The Institute of Economic Affairs (IEA) has called on the Government to scrap pensions tax-free cash to help pay for inheritance tax abolition.
The proposal would risk creating a damaging cliff edge unless protections were introduced for those who have built up savings.
Rumour and speculation about the future of tax rules, and tax-free cash in particular, affect investor behaviour and damage long-term confidence in pensions.
Tom Selby, senior analyst at AJ Bell said, “Axing pensions tax-free cash just as automatic enrolment is fostering a fragile savings culture in the UK is a terrible idea.
“Being able to access a quarter of your pension pot tax-free from age 55 is one of the best understood benefits of saving in a pension, so ditching it altogether would have potentially disastrous long-term consequences.

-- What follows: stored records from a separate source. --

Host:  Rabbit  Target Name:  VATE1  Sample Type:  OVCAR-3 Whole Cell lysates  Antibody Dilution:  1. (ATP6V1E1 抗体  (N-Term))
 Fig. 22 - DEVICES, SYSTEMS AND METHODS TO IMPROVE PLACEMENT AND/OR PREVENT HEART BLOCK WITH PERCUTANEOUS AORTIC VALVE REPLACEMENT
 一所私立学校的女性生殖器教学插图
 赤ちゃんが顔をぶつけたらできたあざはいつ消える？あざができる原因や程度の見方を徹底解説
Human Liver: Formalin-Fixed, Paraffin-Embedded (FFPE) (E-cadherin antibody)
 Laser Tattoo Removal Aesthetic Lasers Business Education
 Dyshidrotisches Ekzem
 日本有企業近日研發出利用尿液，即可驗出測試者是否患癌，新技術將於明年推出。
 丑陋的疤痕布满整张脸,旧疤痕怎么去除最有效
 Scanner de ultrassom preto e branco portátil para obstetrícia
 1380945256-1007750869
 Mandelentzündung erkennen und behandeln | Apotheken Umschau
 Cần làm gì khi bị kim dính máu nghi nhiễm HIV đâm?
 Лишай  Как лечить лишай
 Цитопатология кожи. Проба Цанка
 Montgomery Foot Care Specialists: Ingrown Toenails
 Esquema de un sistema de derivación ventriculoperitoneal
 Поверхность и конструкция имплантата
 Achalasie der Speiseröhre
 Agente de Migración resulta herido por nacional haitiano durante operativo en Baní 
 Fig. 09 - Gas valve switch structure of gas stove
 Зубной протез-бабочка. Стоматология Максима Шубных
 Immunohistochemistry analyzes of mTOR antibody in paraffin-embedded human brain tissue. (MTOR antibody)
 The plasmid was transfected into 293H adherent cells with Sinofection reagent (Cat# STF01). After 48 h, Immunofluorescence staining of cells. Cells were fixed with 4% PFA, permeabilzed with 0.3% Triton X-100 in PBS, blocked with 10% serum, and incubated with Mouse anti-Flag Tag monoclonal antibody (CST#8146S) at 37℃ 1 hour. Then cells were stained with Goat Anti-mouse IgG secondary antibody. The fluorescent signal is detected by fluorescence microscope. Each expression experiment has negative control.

“Rising average life expectancy, the increasing state pension age and the disappearance of guaranteed defined benefit provision is placing ever greater onus on individuals to provide for their own retirements. Given this context, public policy needs to be focused squarely on ensuring the environment encourages more pension saving, rather than pulling the rug from under people.
“There would also be severe practical issues if the Government attempted to end tax-free cash for all.
“Those who had saved money on the assumption they would get 25% of their final fund tax-free would justifiably feel aggrieved at an essentially retrospective tax grab. Even introducing a cap on tax-free cash would create a severe cliff-edge, so it is likely complex transitional measures would be needed.”